● **INSTRUCTIONS TO FOLLOW**: Copy the listing exactly, leaving out every picture.

● **THE DATA**:
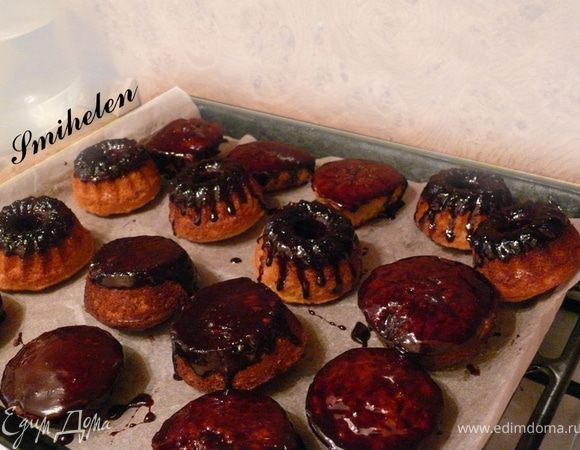 Вынимаем кексики и ждем, когда они чуть остынут. Тем временем готовим глазурь. Можно для глазури взять и сахар, но сахар будет долго растворяться  и потребуется больше времени для приготовления глазури. И так перемешать нужно 60 мл воды, какао и сахар, нагреть и чуть упарить.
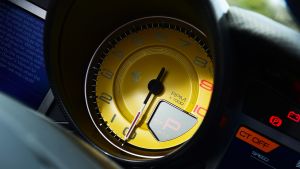 Ferrari 812 GTS - dials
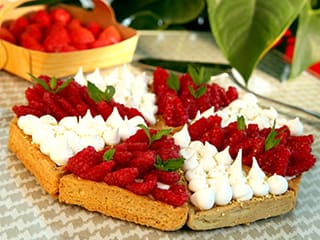 Tarte au citron meringuée et framboises chantilly mascarpone, en parts individuelles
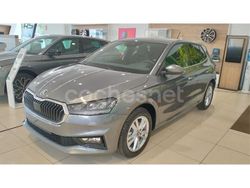 Gris / plata Nuevo 2025 Skoda Fabia Utilitario | 21.990 € (Precio justo)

● **SOLUTION TO THE PROBLEM**:
 Вынимаем кексики и ждем, когда они чуть остынут. Тем временем готовим глазурь. Можно для глазури взять и сахар, но сахар будет долго растворяться  и потребуется больше времени для приготовления глазури. И так перемешать нужно 60 мл воды, какао и сахар, нагреть и чуть упарить.
 Ferrari 812 GTS - dials
 Tarte au citron meringuée et framboises chantilly mascarpone, en parts individuelles
 Gris / plata Nuevo 2025 Skoda Fabia Utilitario | 21.990 € (Precio justo)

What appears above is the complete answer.